Task statement: Instruction for the entries below: return the part that opens with the line containing "5452 Flint Hills Dr, Wimauma, FL 33598" and closes with the line containing "Enjoy Pizza, Vegan", exactly, and no pictures.

Raw data:
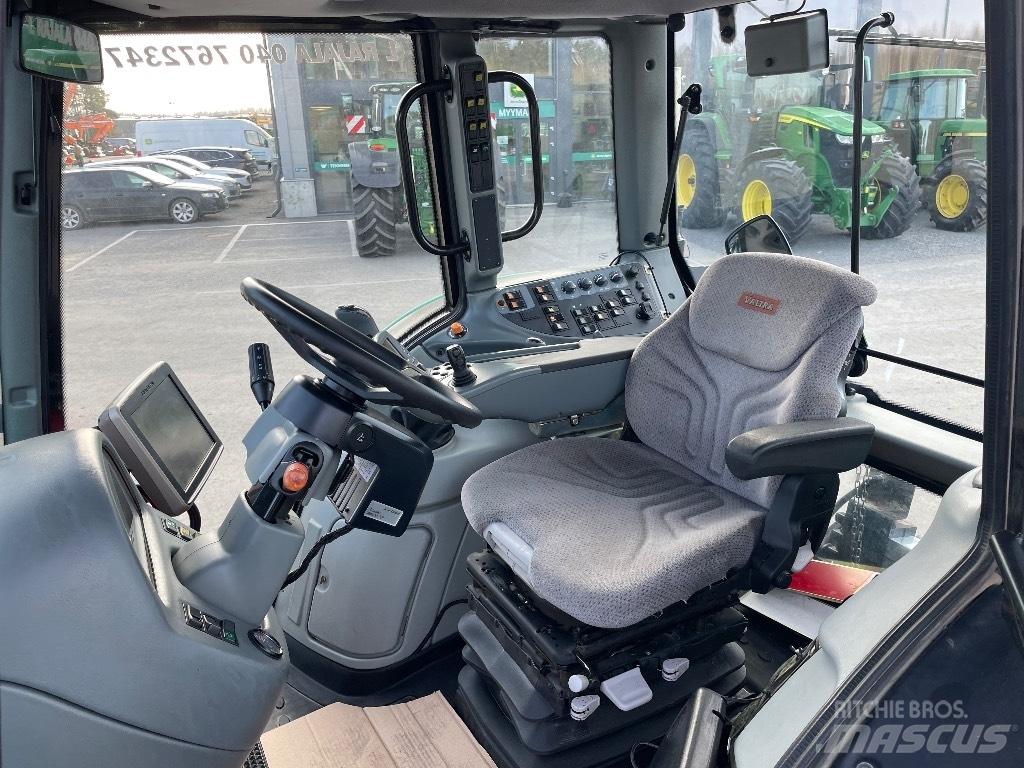 Valtra T 151 Traktory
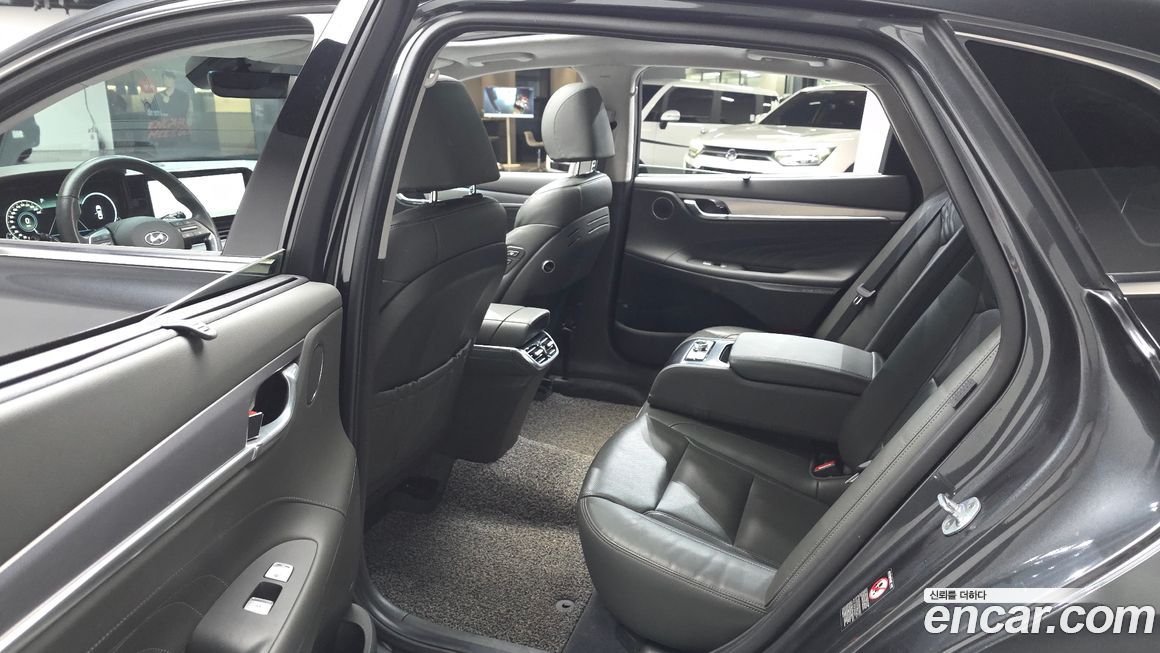 Hyundai Grandeur 2020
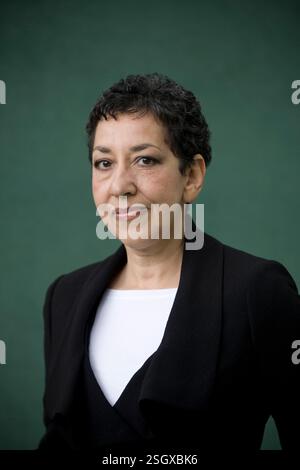 Andrea Levy, écrivain britannique nommée au Booker, photographiée au Festival international du livre d'Édimbourg où elle a parlé de son nouveau livre intitulé « The long Song ». L'événement de trois semaines est le plus grand festival littéraire du monde et se tient pendant le Festival annuel d'Édimbourg. L'événement de 2010 a comporté des exposés et des présentations de plus de 500 auteurs du monde entier. Banque D'Images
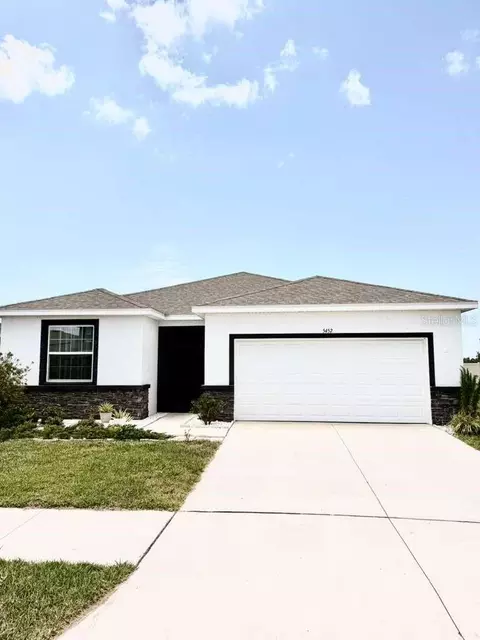 5452 Flint Hills Dr, Wimauma, FL 33598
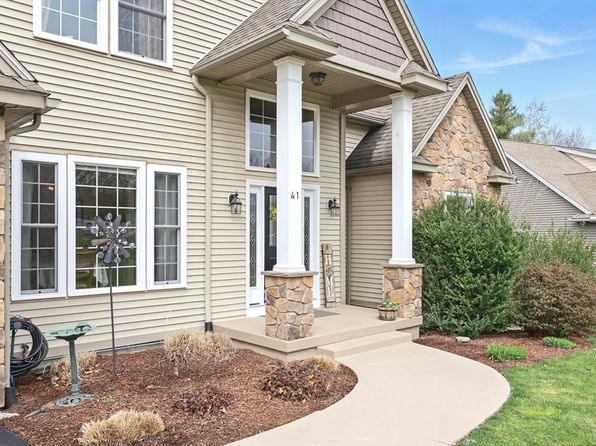41 Red Bridge Ln, South Hadley, MA 01075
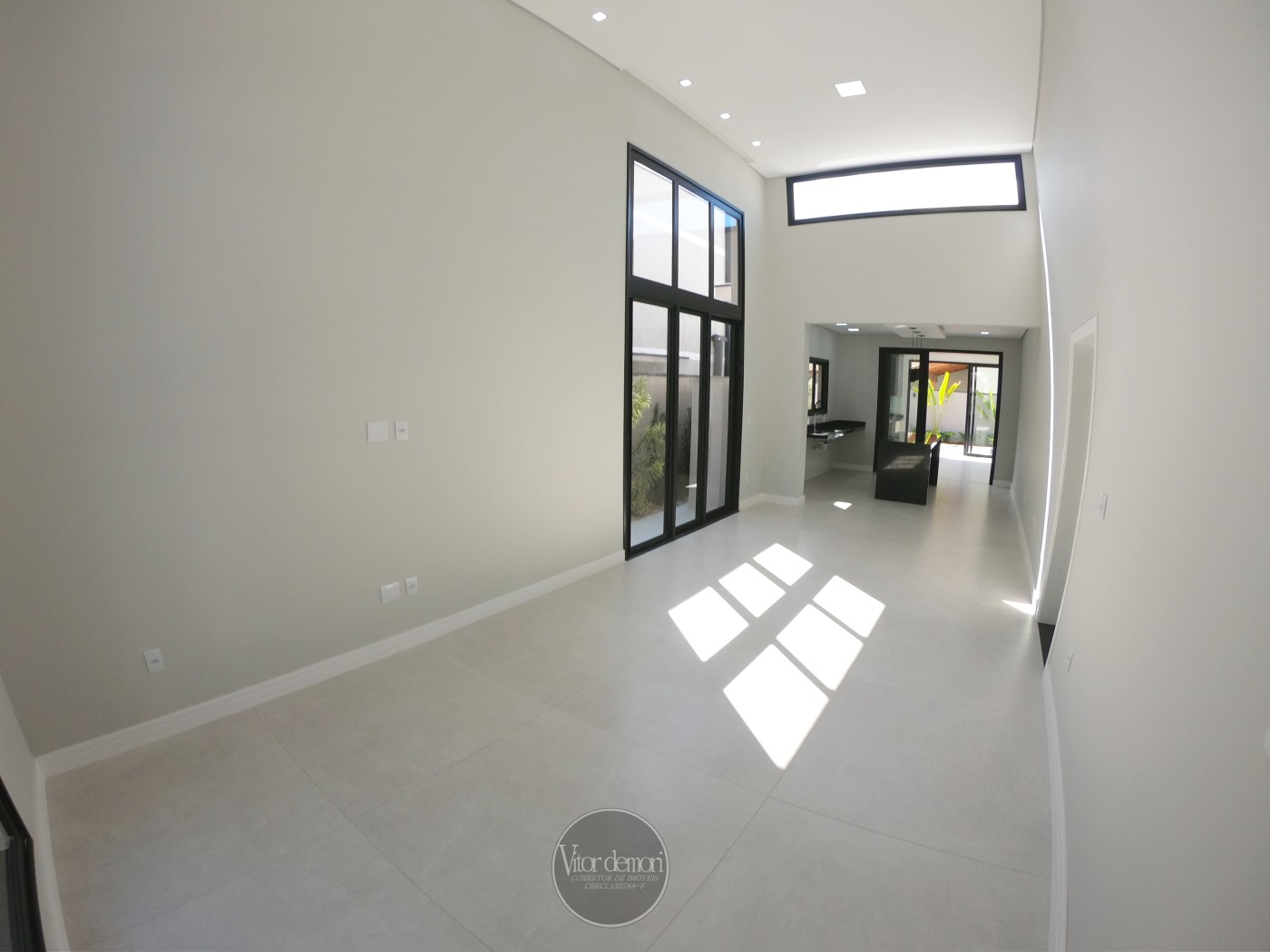 Casa de Condomínio à venda com 3 quartos, 342m² - Foto 2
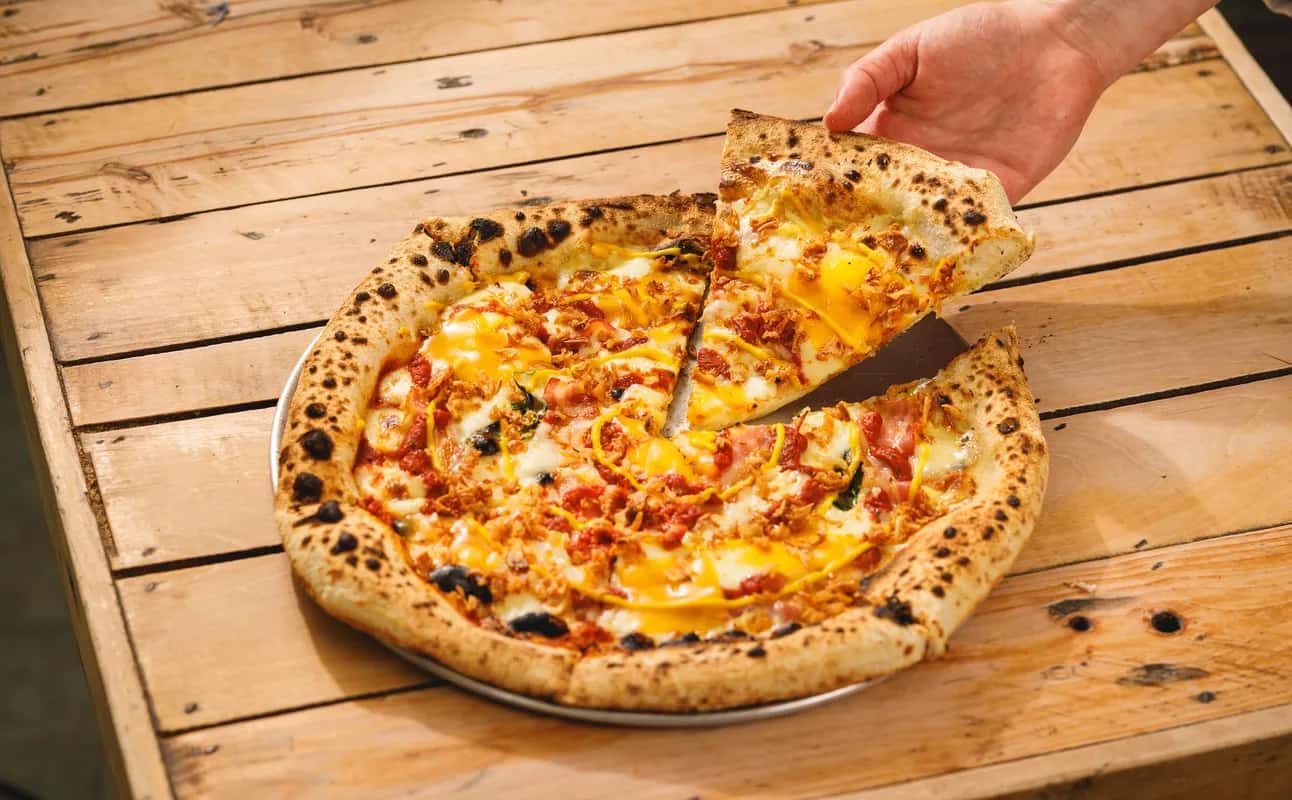 Enjoy Pizza, Vegan and Vegetarian cuisine at Pizzarova Gloucester Road in Gloucester Road, Bristol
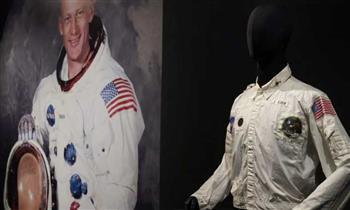   بـ2.8 مليون دولار.. بيع سترة رحلة «أبولو 11» التاريخية للقمر فى أمريكا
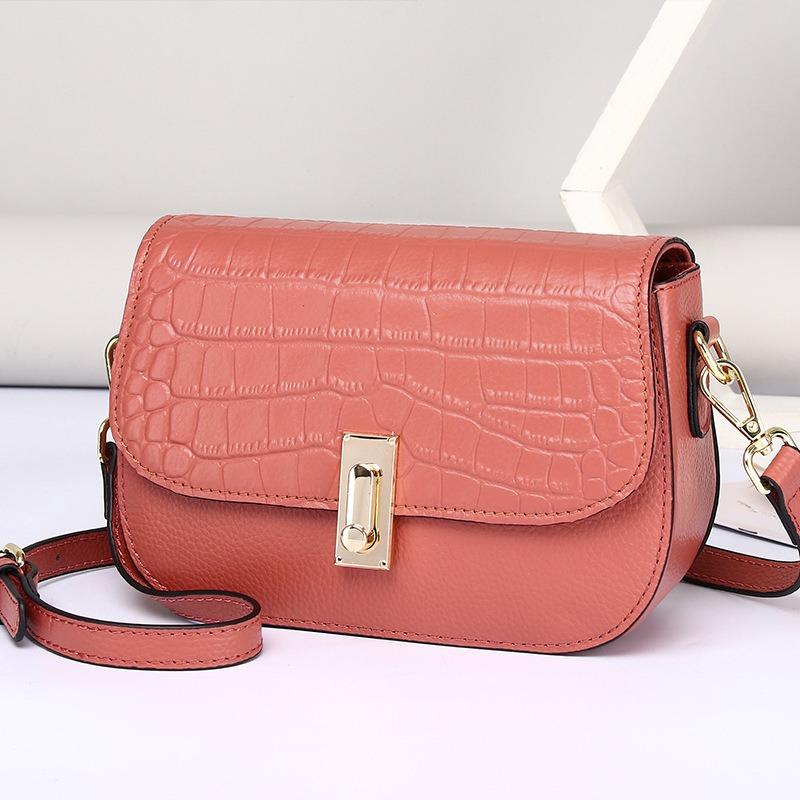 

Высококачественная сумка-седло с узором под аллигатора, кожаная нишевая сумка с откидным клапаном и замком, двойной плечевой ремень, маленькая квадратная сумка. кирпич красный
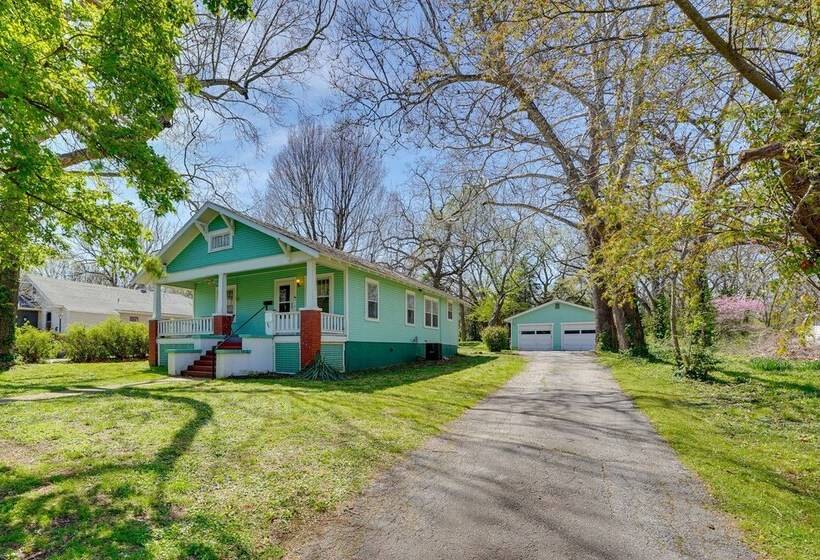 Dog Friendly Springfield Home < 1 Mi To Msu!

Exercise output:
 5452 Flint Hills Dr, Wimauma, FL 33598
41 Red Bridge Ln, South Hadley, MA 01075
 Casa de Condomínio à venda com 3 quartos, 342m² - Foto 2
 Enjoy Pizza, Vegan and Vegetarian cuisine at Pizzarova Gloucester Road in Gloucester Road, Bristol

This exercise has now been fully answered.